## Input for this task
☆ ☆ ☆ ☆ ☆

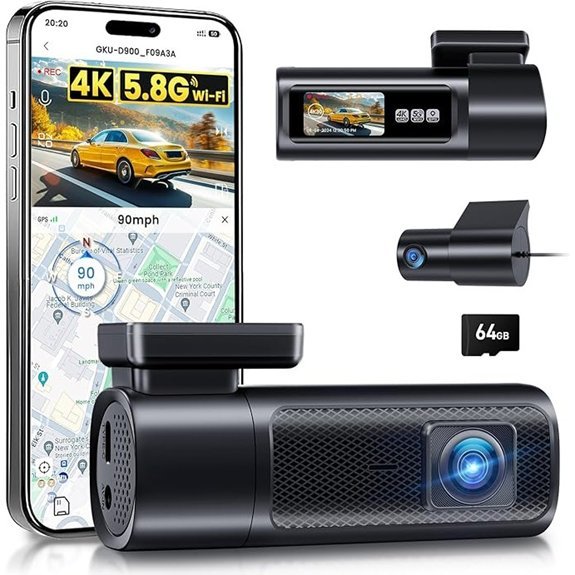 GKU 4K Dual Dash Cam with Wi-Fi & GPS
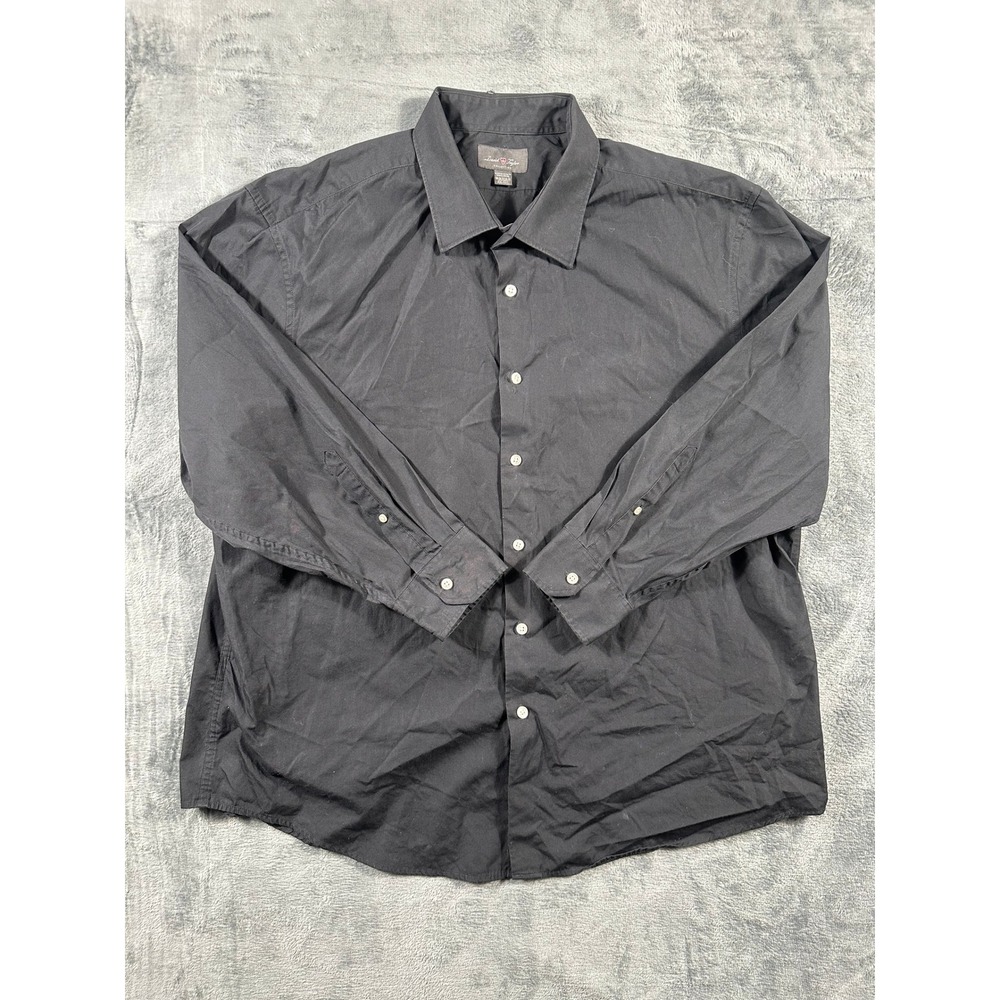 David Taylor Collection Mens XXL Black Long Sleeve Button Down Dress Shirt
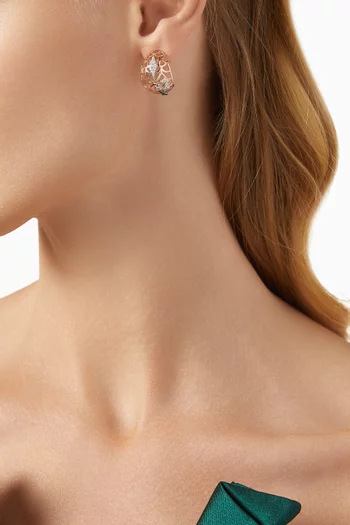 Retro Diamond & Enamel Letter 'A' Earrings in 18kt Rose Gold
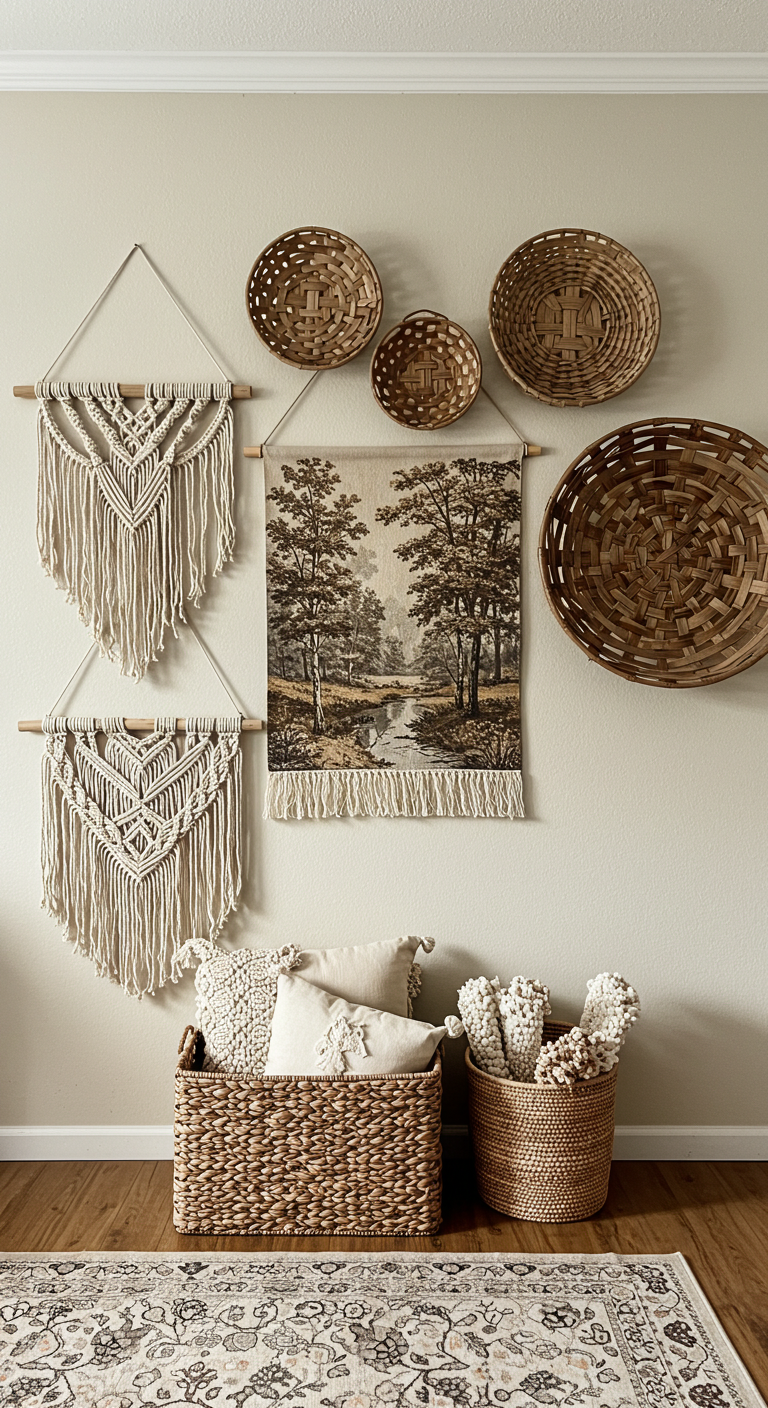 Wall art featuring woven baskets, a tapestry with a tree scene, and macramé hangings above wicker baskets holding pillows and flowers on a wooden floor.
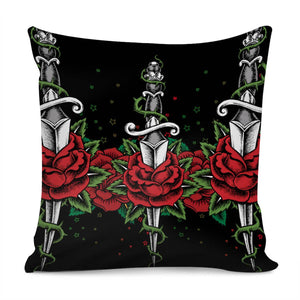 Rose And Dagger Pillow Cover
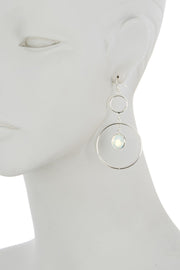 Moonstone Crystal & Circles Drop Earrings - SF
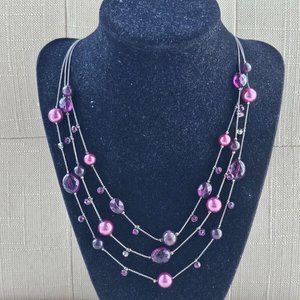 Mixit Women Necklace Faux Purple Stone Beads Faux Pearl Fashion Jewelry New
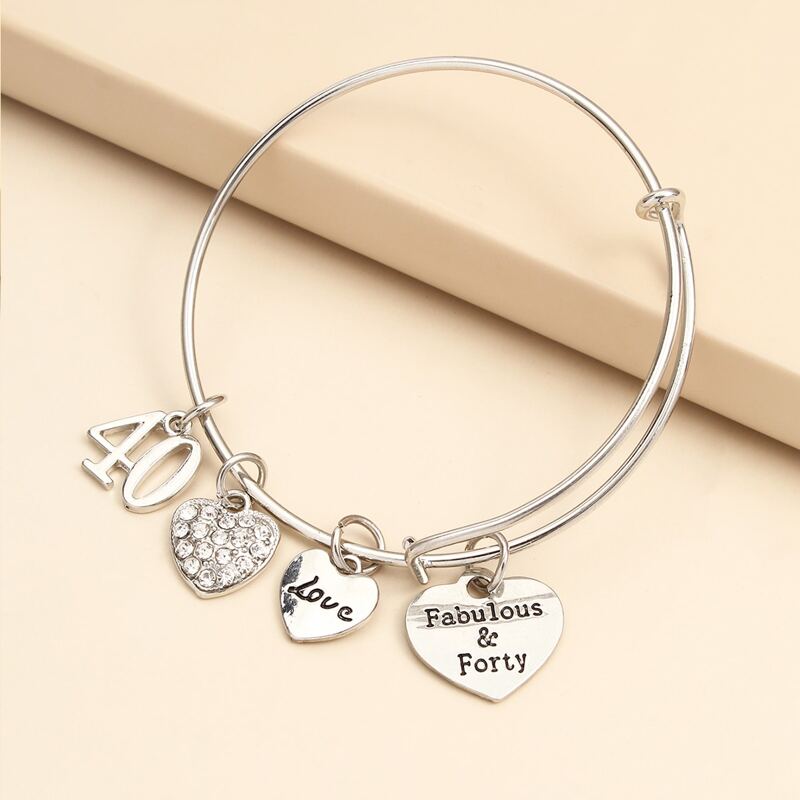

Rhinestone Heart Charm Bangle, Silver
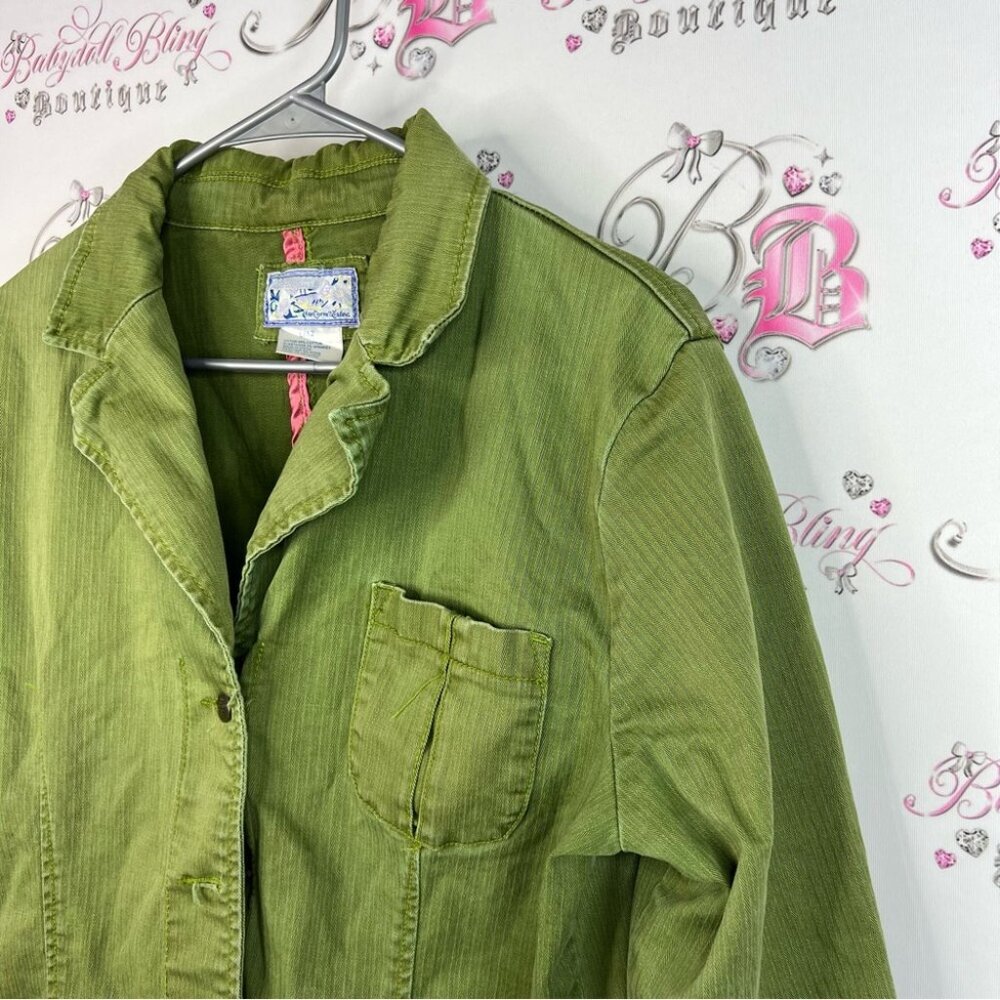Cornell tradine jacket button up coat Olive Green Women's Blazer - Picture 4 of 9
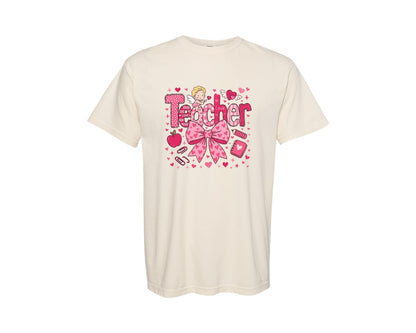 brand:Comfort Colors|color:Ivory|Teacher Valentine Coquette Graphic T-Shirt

☆ ☆ ☆ ☆ ☆

## Task prompt
Reproduce, exactly and only, the lines of the records above starting at the line with "David Taylor Collection" and ending at the line with "Rhinestone Heart Charm Bangle, Silver", both included. Leave every picture out.

## Answer area
 David Taylor Collection Mens XXL Black Long Sleeve Button Down Dress Shirt
 Retro Diamond & Enamel Letter 'A' Earrings in 18kt Rose Gold
 Wall art featuring woven baskets, a tapestry with a tree scene, and macramé hangings above wicker baskets holding pillows and flowers on a wooden floor.
 Rose And Dagger Pillow Cover
 Moonstone Crystal & Circles Drop Earrings - SF
 Mixit Women Necklace Faux Purple Stone Beads Faux Pearl Fashion Jewelry New

Rhinestone Heart Charm Bangle, Silver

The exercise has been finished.